AVAILABLE DATA:
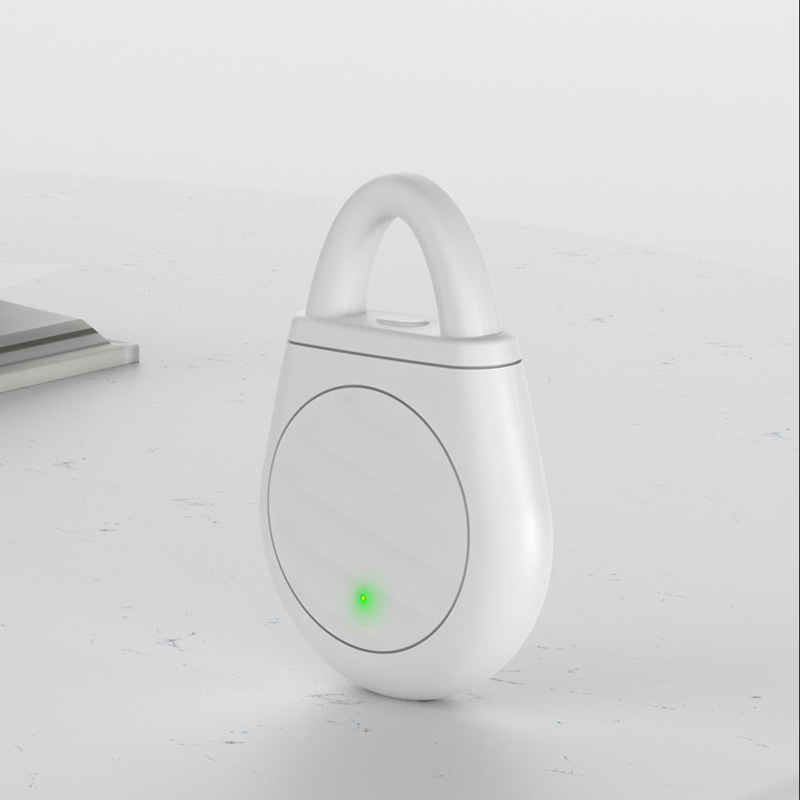 🐦No more trouble from birds, beasts and locusts!Portable Ultrasonic Bird Repellent Keychain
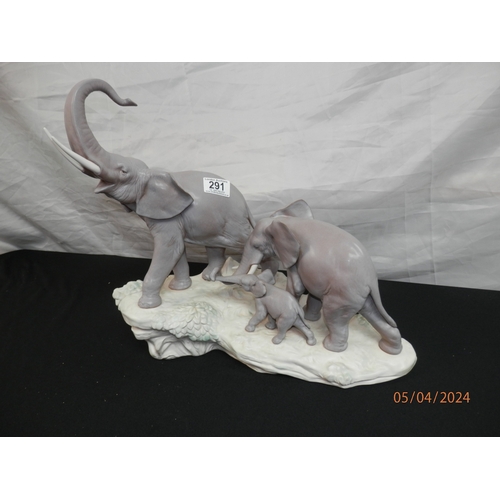 291 - Lladro Figurine: Family of Elephants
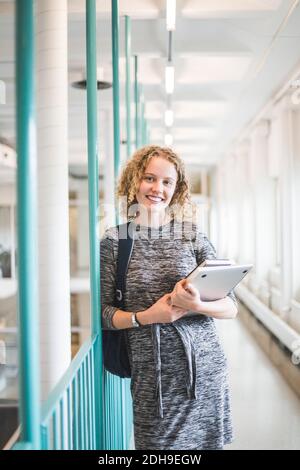 Ritratto di studentessa nel corridoio dell'università Foto Stock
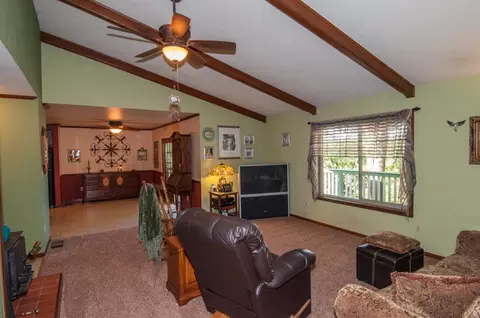 486 Peppertree Ln, Redding, CA 96003 photo 11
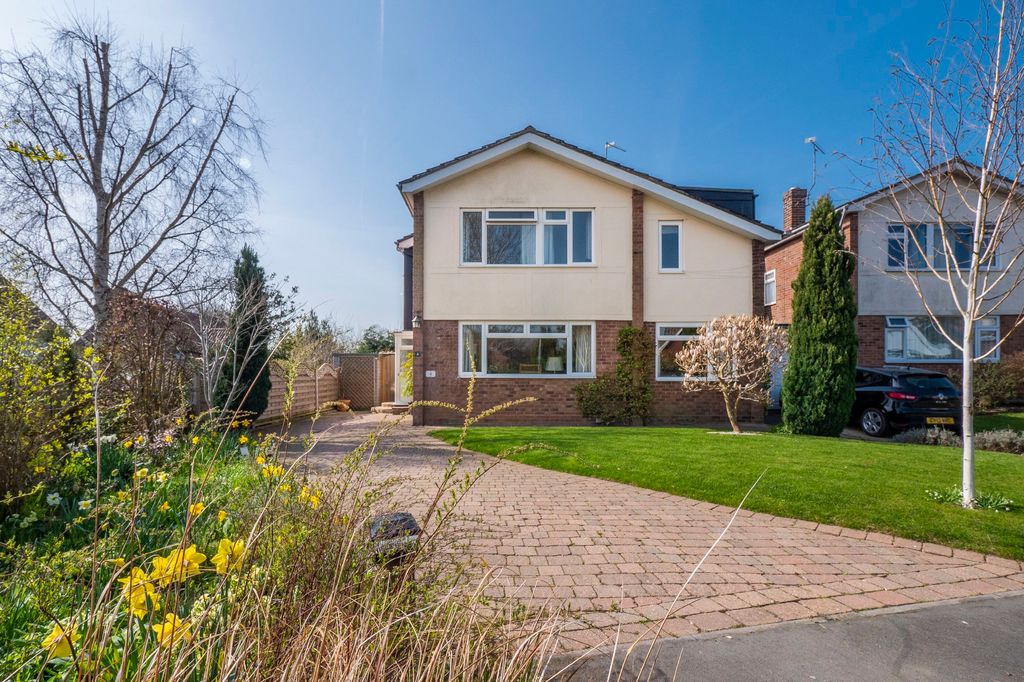 Property photo 1 of 18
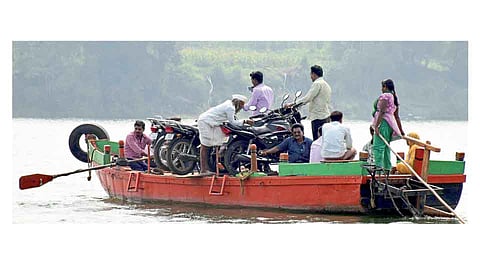 मोळवाड ः येथे कृष्णा नदीत होडी चालविताना रेखा आंबी.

ABOUT THIS TASK: Only the lines from the one containing "291 - Lladro Figurine: Family of Elephants" through the last line of the data belong in the copy, both included and reproduced exactly. Pictures do not.

SOLUTION TO THE PROBLEM:
 291 - Lladro Figurine: Family of Elephants
 Ritratto di studentessa nel corridoio dell'università Foto Stock
 486 Peppertree Ln, Redding, CA 96003 photo 11
 Property photo 1 of 18
 मोळवाड ः येथे कृष्णा नदीत होडी चालविताना रेखा आंबी.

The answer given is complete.